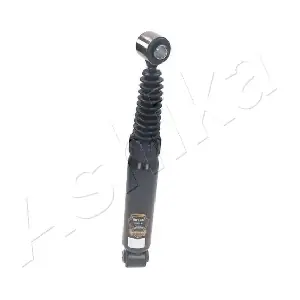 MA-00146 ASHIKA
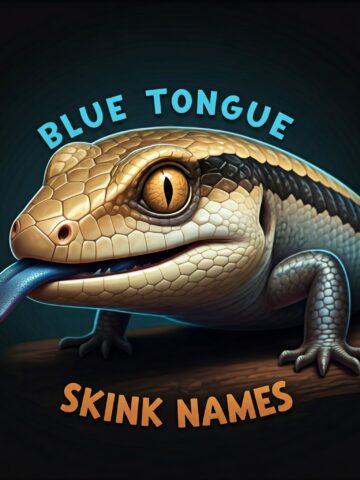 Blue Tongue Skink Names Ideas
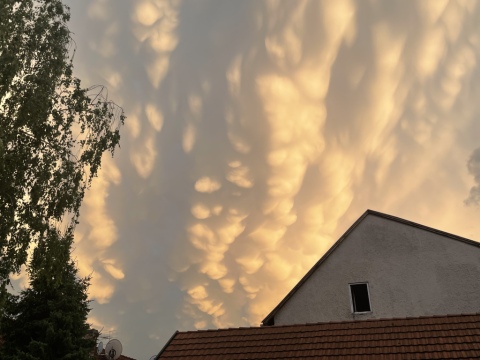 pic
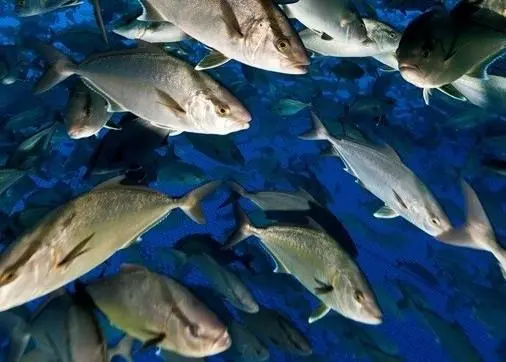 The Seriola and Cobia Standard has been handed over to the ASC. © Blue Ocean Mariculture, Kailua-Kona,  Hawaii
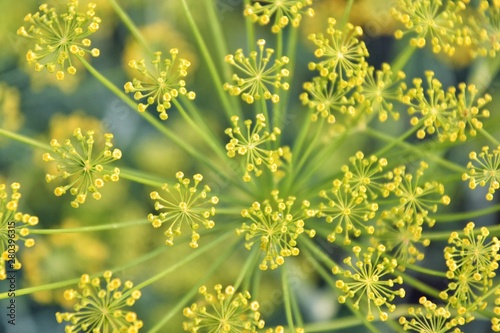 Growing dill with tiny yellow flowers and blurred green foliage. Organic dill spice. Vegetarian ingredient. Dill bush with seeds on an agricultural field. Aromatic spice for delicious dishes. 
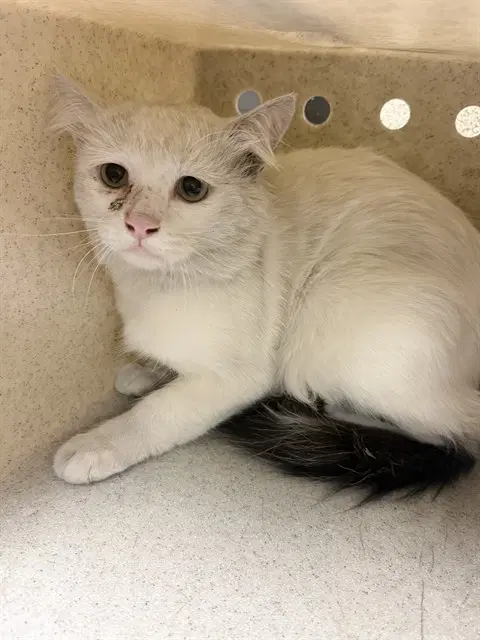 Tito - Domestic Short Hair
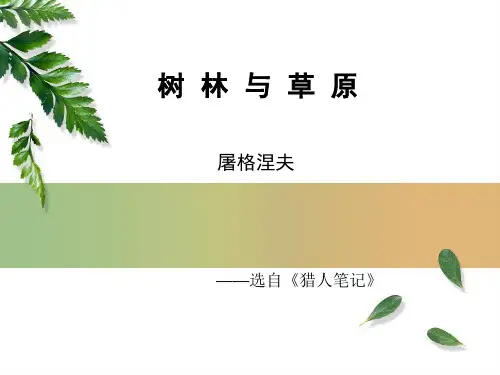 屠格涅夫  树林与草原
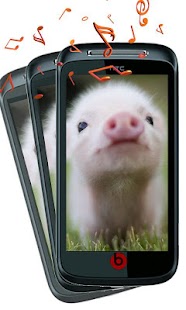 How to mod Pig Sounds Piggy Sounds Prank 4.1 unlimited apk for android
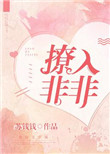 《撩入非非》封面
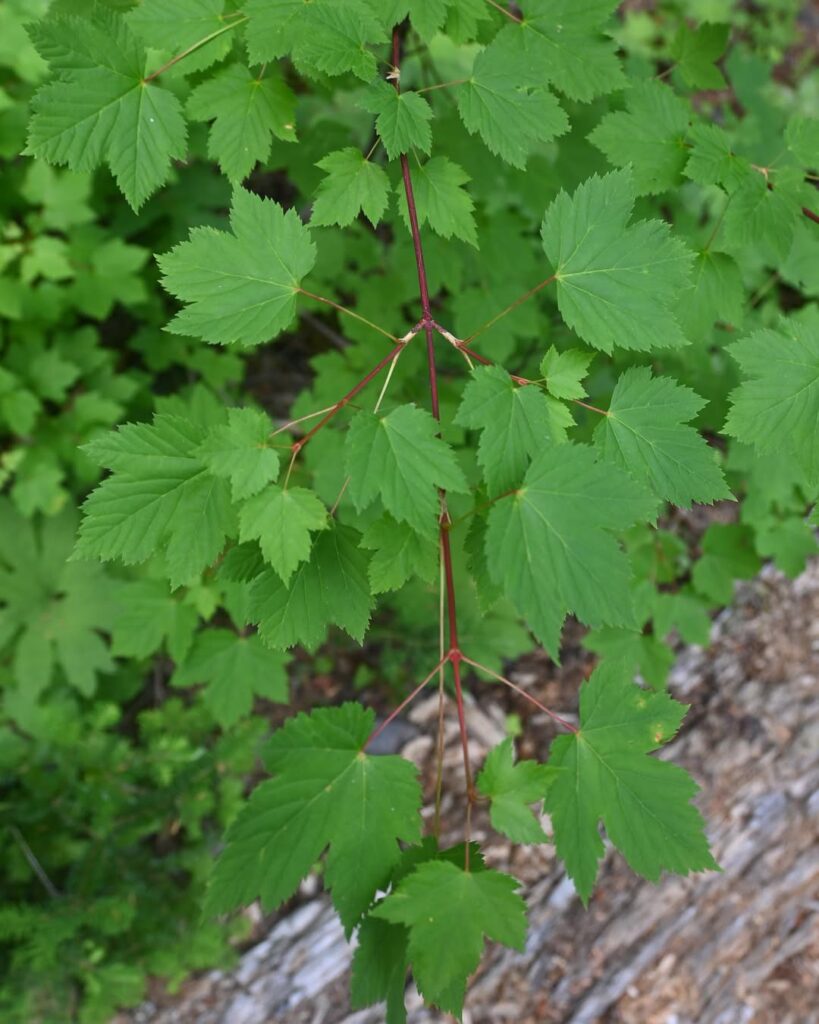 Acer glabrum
+---+
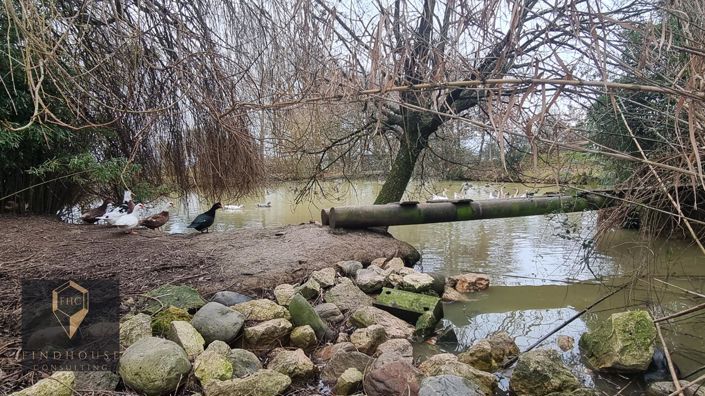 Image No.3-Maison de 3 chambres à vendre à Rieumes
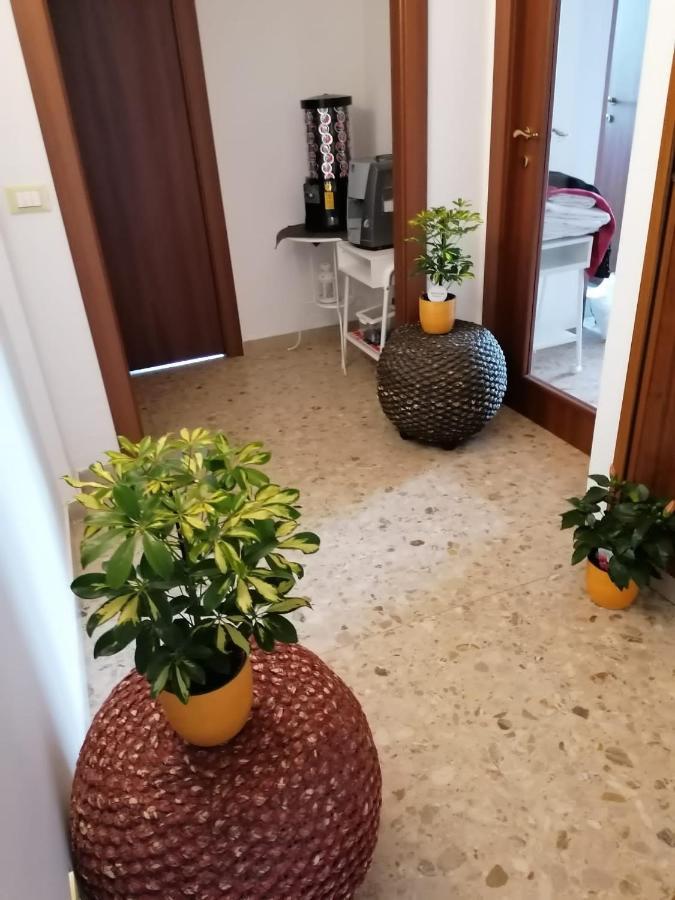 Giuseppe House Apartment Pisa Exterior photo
+---+
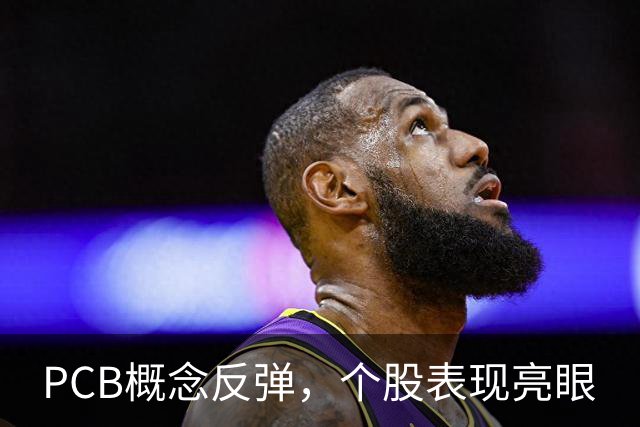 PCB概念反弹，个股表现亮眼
+---+
▶ **YOUR GOAL**: From the records above, give again only the part that opens with the line containing "MA-00146 ASHIKA" and closes with the line containing "Acer glabrum". Keep both ends but drop the pictures.

▶ **SOLUTION TO THIS PROBLEM**:
 MA-00146 ASHIKA
 Blue Tongue Skink Names Ideas
 pic
 The Seriola and Cobia Standard has been handed over to the ASC. © Blue Ocean Mariculture, Kailua-Kona,  Hawaii
 Growing dill with tiny yellow flowers and blurred green foliage. Organic dill spice. Vegetarian ingredient. Dill bush with seeds on an agricultural field. Aromatic spice for delicious dishes. 
 Tito - Domestic Short Hair
 屠格涅夫  树林与草原
 How to mod Pig Sounds Piggy Sounds Prank 4.1 unlimited apk for android
 《撩入非非》封面
 Acer glabrum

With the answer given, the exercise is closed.